NT-proBNP, which is short for N-terminal pro-brain natriuretic peptide, and a related protein called B-type natriuretic peptide, or BNP, are produced when the cardiac muscle is under stress.
An earlier study, conducted in the MGH Emergency Department, suggested age-based diagnostic cutoffs for diagnosis of acute heart failure of 450 pg/ml for patients under 50, 900 pg/ml for those 50 to 75 and 1,800 pg/ml for those over 75, and that an NT-proBNP level of 300 or below appeared to rule out acute heart failure regardless of a person's age.
These results were supported by a larger, multi-institutional trial and have been largely adopted at hospitals worldwide. But the only NT-proBNP diagnostic cutoffs approved by the U.S. Food and Drug Administration are 125 pg/ml for patients under 75 and 450 pg/ml for those 75 and older. The levels are designed for outpatient treatment.
The researchers anticipate FDA approval of the age-based cutoffs for emergency department diagnosis, though.
"There is a need to reconsider which cutoffs should be used, as continued reliance on current, approved cutoffs has the potential for diagnostic inaccuracy, particularly for test specificity," the researchers wrote.
The new study was designed to validate the emergency-care-based cutoffs and find out whether they remain useful for assessment of the current population of patients with heart failure.
The researchers recruited 1,461 patients who were at least 22 years old and had come to hospital emergency departments with shortness of breath or other breathing difficulties in 2015 and 2016 at 19 sites in the United States and Canada,
Overall, 277 patients, 19 percent of overall participants, were determined to have acute heart failure after blood samples were measured for NT-proBNP levels. This determination was separate from the clinical diagnosis that guided participants' care.
In a comparison of participants' NT-proBNP levels with their eventual diagnoses, the usefulness of the age-based cutoff levels were confirmed. A level below 300 strongly excluded a heart failure diagnosis regardless of the age.
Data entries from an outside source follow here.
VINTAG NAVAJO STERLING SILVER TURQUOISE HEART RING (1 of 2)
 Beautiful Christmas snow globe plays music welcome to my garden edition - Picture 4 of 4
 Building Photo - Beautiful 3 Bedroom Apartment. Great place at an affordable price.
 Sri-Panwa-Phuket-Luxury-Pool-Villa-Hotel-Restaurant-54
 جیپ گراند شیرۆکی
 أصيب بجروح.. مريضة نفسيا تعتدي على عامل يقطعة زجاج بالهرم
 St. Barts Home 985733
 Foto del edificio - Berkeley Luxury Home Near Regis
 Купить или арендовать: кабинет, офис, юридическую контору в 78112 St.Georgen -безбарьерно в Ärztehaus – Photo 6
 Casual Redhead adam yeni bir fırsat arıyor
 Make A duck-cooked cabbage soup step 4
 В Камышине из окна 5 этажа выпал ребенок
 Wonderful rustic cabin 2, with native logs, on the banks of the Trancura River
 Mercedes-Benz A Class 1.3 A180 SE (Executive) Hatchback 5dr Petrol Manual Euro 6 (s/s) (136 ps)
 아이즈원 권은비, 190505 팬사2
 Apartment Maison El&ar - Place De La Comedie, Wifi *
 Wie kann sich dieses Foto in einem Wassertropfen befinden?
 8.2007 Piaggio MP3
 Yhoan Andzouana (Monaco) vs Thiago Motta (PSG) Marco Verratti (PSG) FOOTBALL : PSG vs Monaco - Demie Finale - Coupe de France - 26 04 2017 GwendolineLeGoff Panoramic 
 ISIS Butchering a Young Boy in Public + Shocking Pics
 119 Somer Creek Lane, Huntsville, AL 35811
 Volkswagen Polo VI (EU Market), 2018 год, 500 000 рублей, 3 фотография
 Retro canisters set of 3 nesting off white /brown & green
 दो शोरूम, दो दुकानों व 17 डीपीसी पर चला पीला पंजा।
The results were consistent for age, gender, racial or ethnic background or the presence of conditions that include obesity or kidney disease.
"We found no specific population in which the test did not perform well, and what was most striking to me -- as someone who has been working with NT-proBNP since the early 2000s -- was how consistent these results were with those of prior studies," Januzzi said. "Given the changes in the types of patients with heart failure we see today, it's quite remarkable how reliable this test is."
The study was funded by Roche Diagnostics, which manufactures the NT-proBNP used in this study.